Si on peut se rejouir de cet élan citoyen, je ne sais pas si le fait de voter avec la seule conviction d'éviter que l'histoire ne se repète est une bonne chose pour la démocratie.
Pas de surprise cette fois, les deux favoris se retrouve en final, on pourrait croire à un banal affrontement droite gauche comme avant mais les choses sont moins simple qu'il n'y parait en regardant juste l'affiche du deuxième tour.
A droite Nicolas Sarkosy domine ce premier tour avec un score de 31,18 %, il bénéficie d'un recervoir assez confortable sur sa droite avec les 10,44 % de Jean Marie Le Pen, 2,23 % de Philippe de Villiers, et les 1,15 de F.Nihous, ce qui le place avec un score virtuel minimum de 45 %. Le front national en net recul, subis les effets de la campagne très à droite du candidat de l'UMP qui a repris à son compte une partis de ses thèmes habituel de campagne.
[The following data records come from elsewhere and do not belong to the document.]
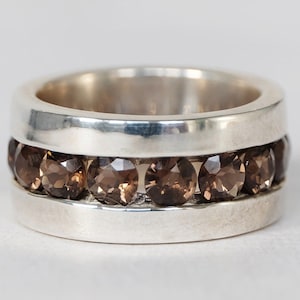 QUARTZ STATEMENT RING, natural smoky quartz ring, solid sterling silver ring, handmade ring, gemstone ring, smoky quartz ring, heavy ring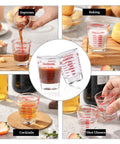 Collage of Two Pack Shot Glass Measuring Cup Set With Thick Base, Multi Unit Liquid Measuring Cup For Espresso and Drinks in use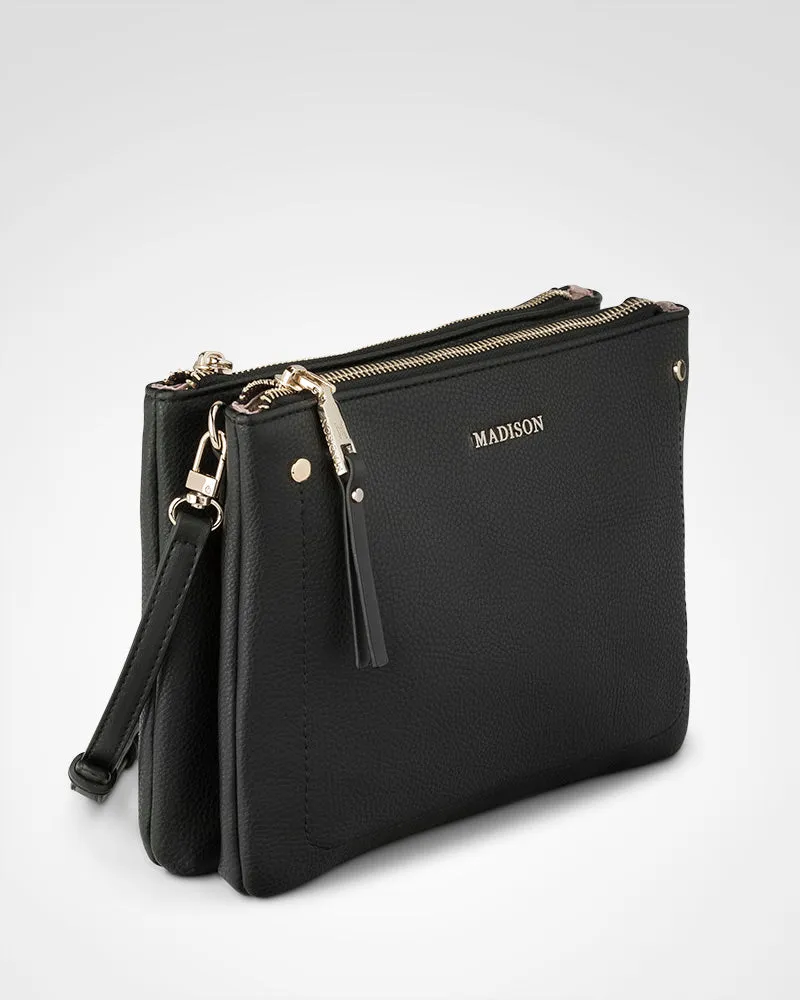 Charlotte Double Zip Crossbody Bag   Graphic Bag Strap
A gauche Ségolène Royal bénéficie du vote utile pour se qualifier largement au second tour avec 25,87 %. Toutefois l'ecart de plus de 5 points avec Nicolas Sarkosy et l'effondrement de ses partenaires de gauche la place en situation assez défavorable. Ainsi son reservoir de voix à gauche est relativement limité : 10,23 % ce qui lui ferait 36,1 %.
La grande inconnue de ce deuxième tour c'est de savoir comment ce fera les reports de voix de François Bayrou. Même si il ne reussis pas son paris d'être l'aternative au duel droite au gauche, il realise toutefois un score majeur : 18,57 % qui le place en position d'arbitre pour le deuxième tour.
Alors quel va etre la nature de cette campagne de l'entre deux tours : un affrontement classique droite gauche, ou va t'on mettre la balle au centre. L'interet de M Sarkosy est dans le premier schéma sont avance etant largement suffisante. Mme Royal devrait quand à elle, malgrès les réticences des éléphants du PS s'ouvrir au exigence du centre, car l'extrème gauche ne vas pas voter pour elle mais contre Sarkosy.